• **THE DATA**:
[Start of Attachment]

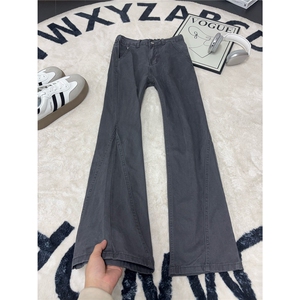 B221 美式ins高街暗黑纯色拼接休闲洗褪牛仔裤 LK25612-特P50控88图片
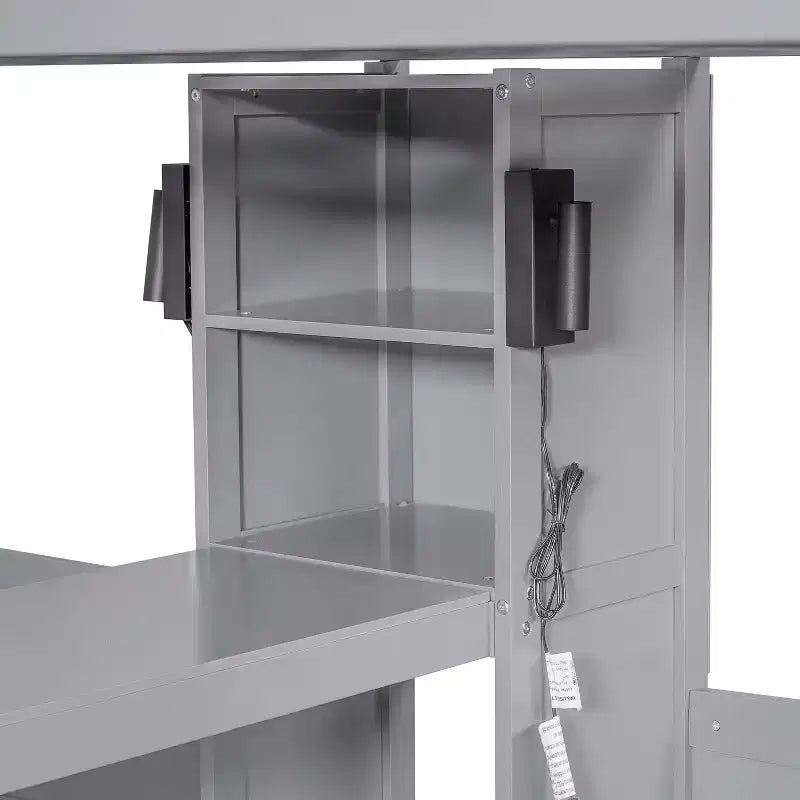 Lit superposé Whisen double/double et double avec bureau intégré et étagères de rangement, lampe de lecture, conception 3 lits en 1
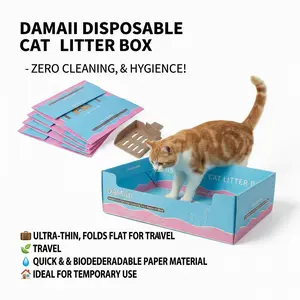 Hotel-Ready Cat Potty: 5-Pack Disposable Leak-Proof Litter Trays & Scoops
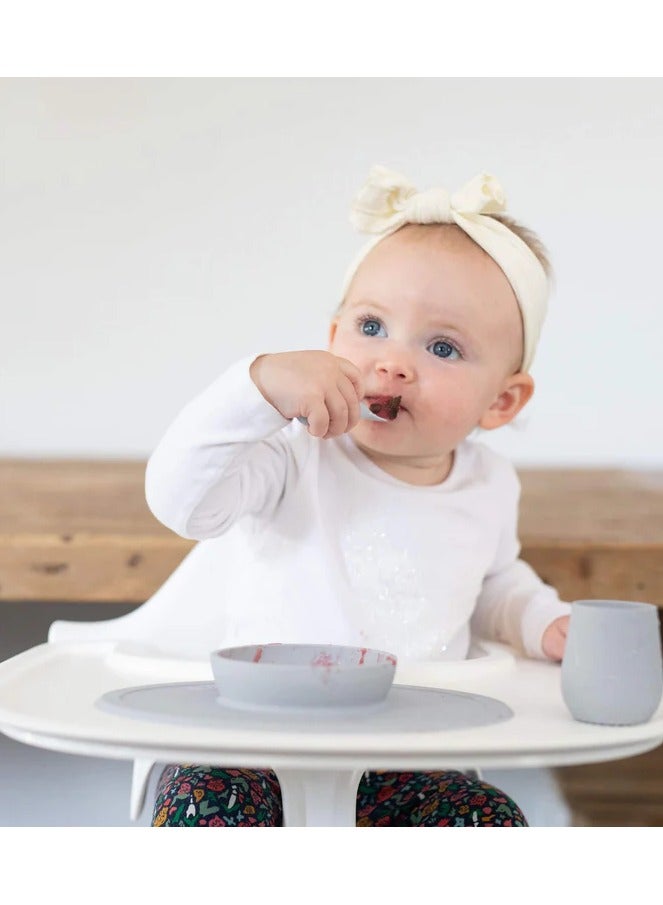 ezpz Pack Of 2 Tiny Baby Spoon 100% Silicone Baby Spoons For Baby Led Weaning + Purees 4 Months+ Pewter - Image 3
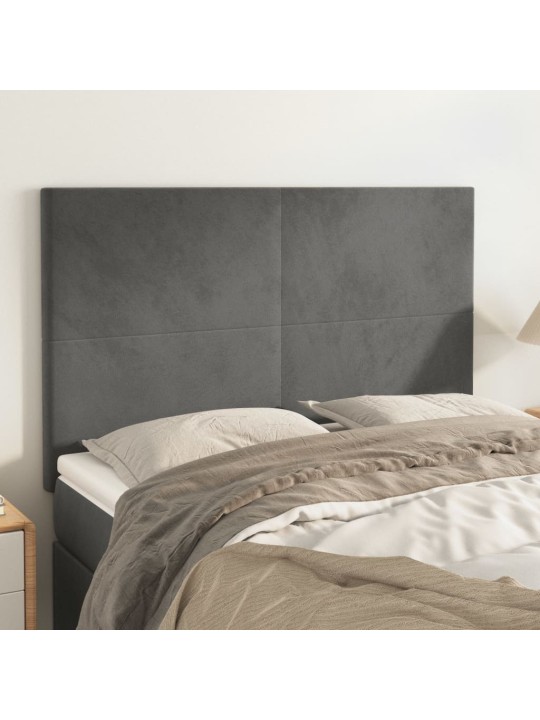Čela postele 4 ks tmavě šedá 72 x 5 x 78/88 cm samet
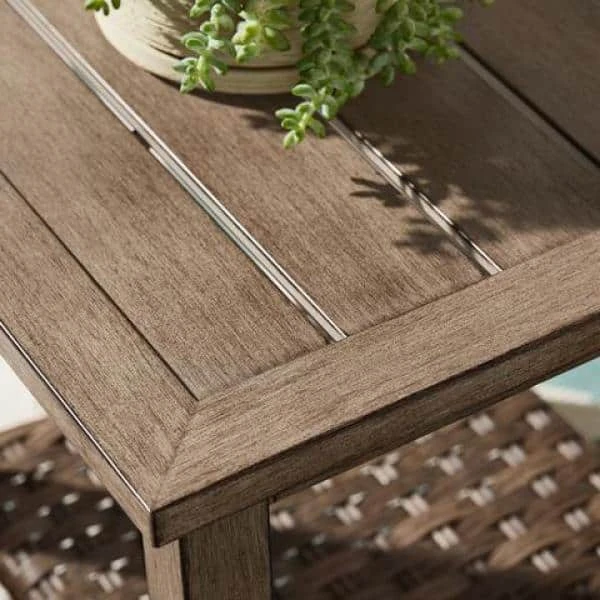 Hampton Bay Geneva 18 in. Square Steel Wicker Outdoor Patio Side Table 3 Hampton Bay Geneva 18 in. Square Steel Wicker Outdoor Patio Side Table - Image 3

[End of Attachment]

• **WORK INSTRUCTION**:
From the line containing "Čela postele 4" through the last line of the records, both included, output those lines exactly and nothing else; skip the pictures.

• **RESULT OF THE EXERCISE**:
Čela postele 4 ks tmavě šedá 72 x 5 x 78/88 cm samet
 Hampton Bay Geneva 18 in. Square Steel Wicker Outdoor Patio Side Table 3 Hampton Bay Geneva 18 in. Square Steel Wicker Outdoor Patio Side Table - Image 3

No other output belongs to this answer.